Ibu satu anak itu mengisahkan, tragedi nahas yang menimpanya ketika menunaikan ibadah haji dua tahun lalu tersebut di luar dugaan. Bahkan, tak sedikit pun Zulfitri berfirasat akan kehilangan kaki kanan. Namun, takdir berkata lain. Insiden 11 September 2015 itu menjadi duka mendalam yang harus dia terima dengan lapang dada.

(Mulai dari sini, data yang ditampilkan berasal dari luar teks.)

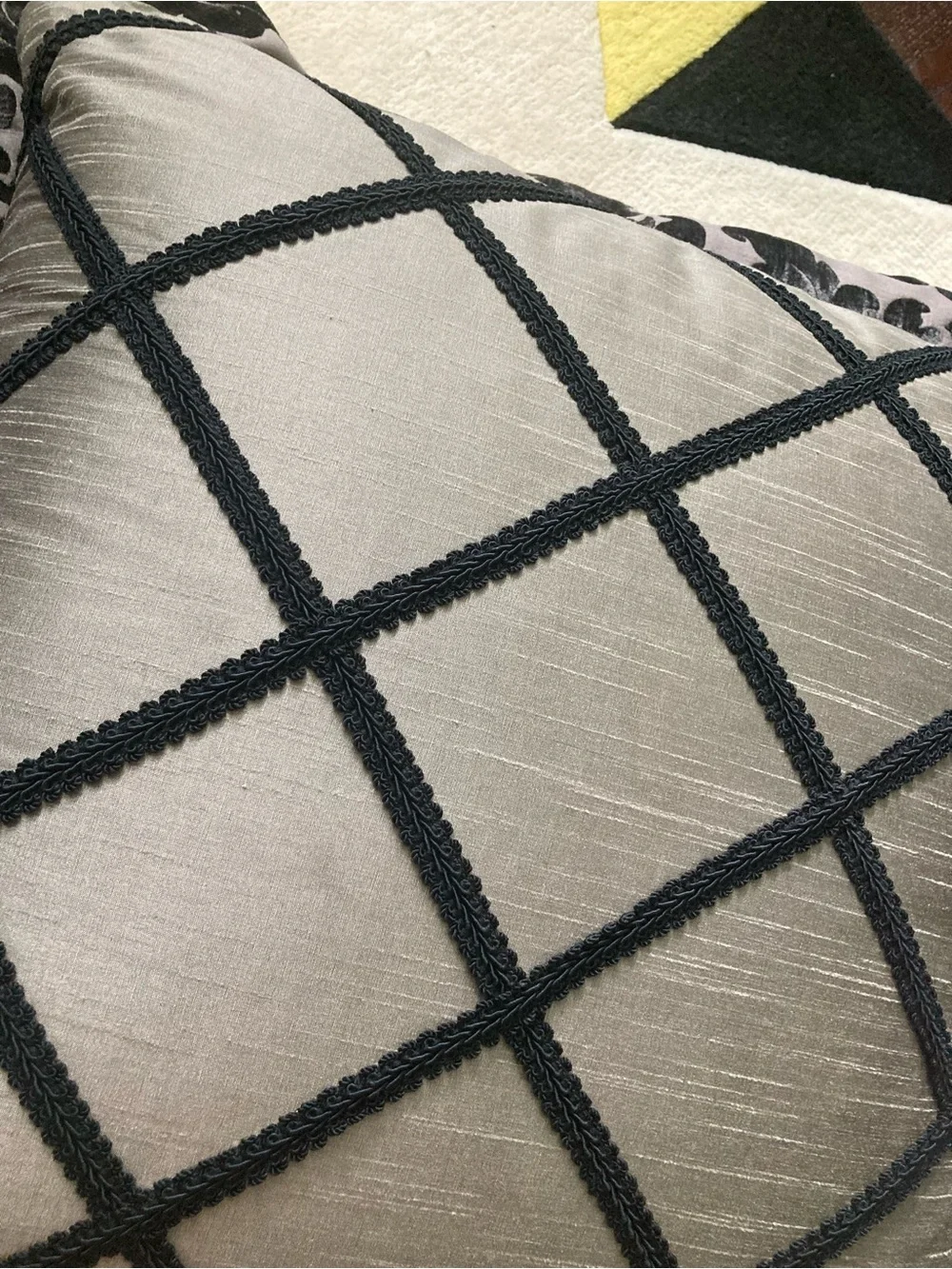 Frontgate Marmont Pewter Grey Velvet Damascus Black Lattice Throw Pillow 20”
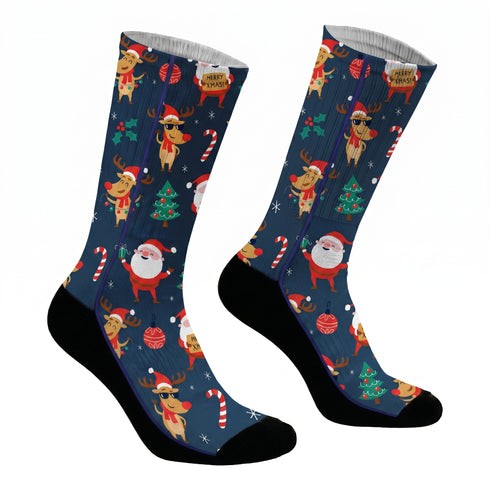 Κάλτσες #doyoudaresocks Digital Printed SuperSport Christmas Santa Claus (code 70069)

Kala itu Buk Pit –sapaan akrabnya– berzikir setelah menunaikan salat Asar di Masjidilharam. Sekitar pukul 16.30 waktu setempat, terdengar bunyi yang cukup keras. Seketika itu dia terperanjat, tapi tidak bisa melarikan diri karena banyaknya jamaah yang masih beribadah di dalam kawasan masjid. ”Saya salat di lantai 3. Sedangkan crane yang roboh itu berada di lantai 2,” terangnya.

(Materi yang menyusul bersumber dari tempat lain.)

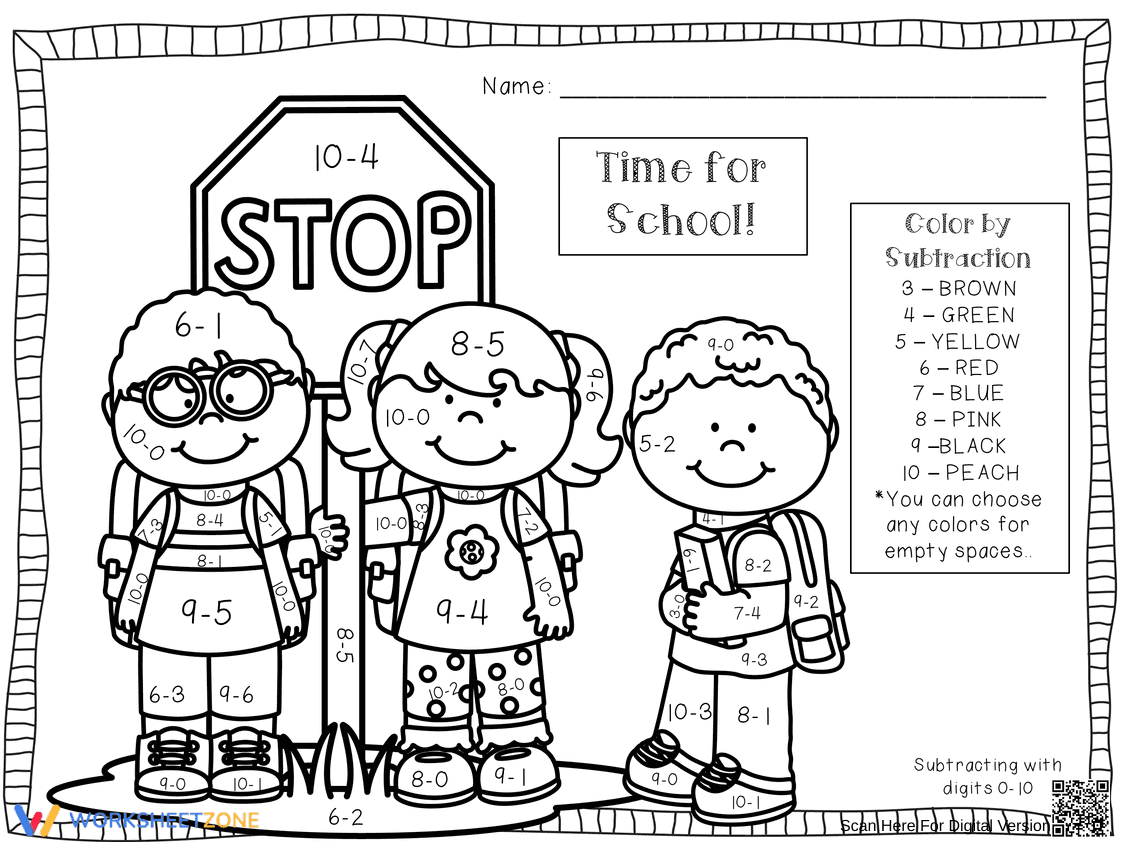 Subtraction within 10 Worksheet | Grade 1 Essential - Page 1
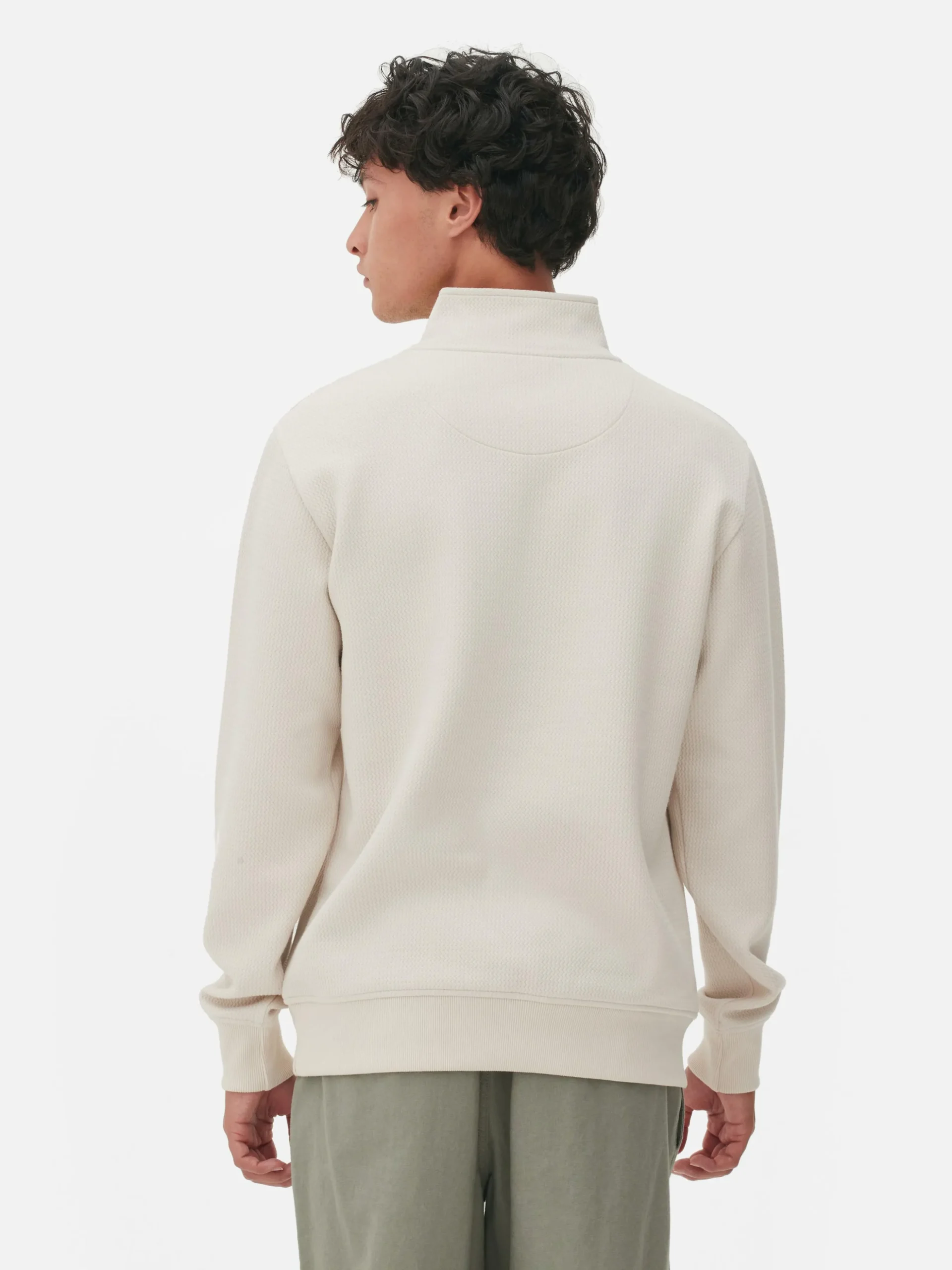 Camisola Fecho Correr 1/4 Textura Geométrica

Namun, entah karena tertiup angin, besi-besi crane beterbangan ke mana-mana, termasuk ke lantai 3. Jamaah langsung berhamburan. Puing-puing besi yang terbang dari berbagai penjuru itulah yang akhirnya menimpa para korban, termasuk Buk Pit.

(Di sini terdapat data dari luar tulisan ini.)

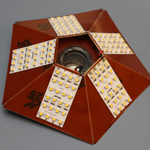 homemade, wonky, pentagonal LED lamp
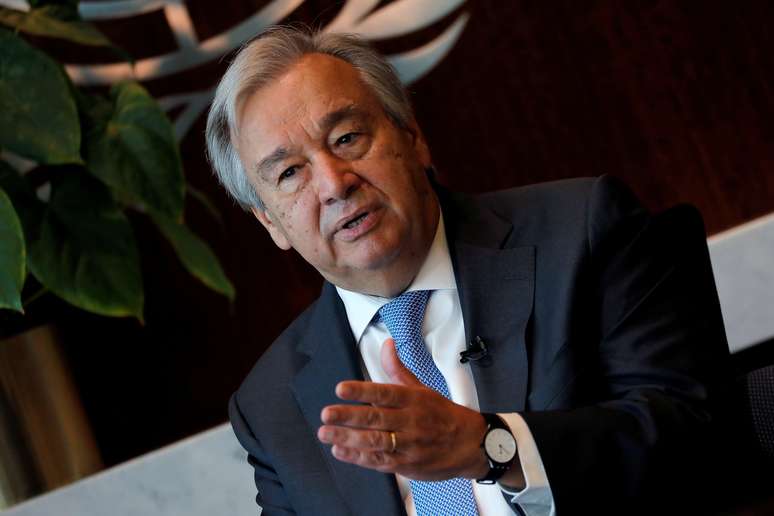 O secretário-geral das Nações Unidas, António Guterres, fala durante entrevista com a Reuters na sede da ONU na cidade de Nova York, EUA, 14 de setembro de 2020. REUTERS/Mike Segar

”Saya tidak tahu persis bagaimana keadaan kaki kanan saya saat itu. Yang jelas, malam harinya kaki saya diamputasi,” terang guru yang telah mengabdi 22 tahun di SMPN 1 Gunungtalang tersebut.
Zulfitri tidak menyangka bahwa kedatangannya ke Makkah untuk beribadah dan menunaikan rukun Islam kelima harus ditebus dengan satu kaki. ”Baru 20 hari di Makkah, kaki saya putus. Tapi, alhamdulillah, saya masih bisa kembali ke kampung halaman walaupun dengan satu kaki,” kenangnya.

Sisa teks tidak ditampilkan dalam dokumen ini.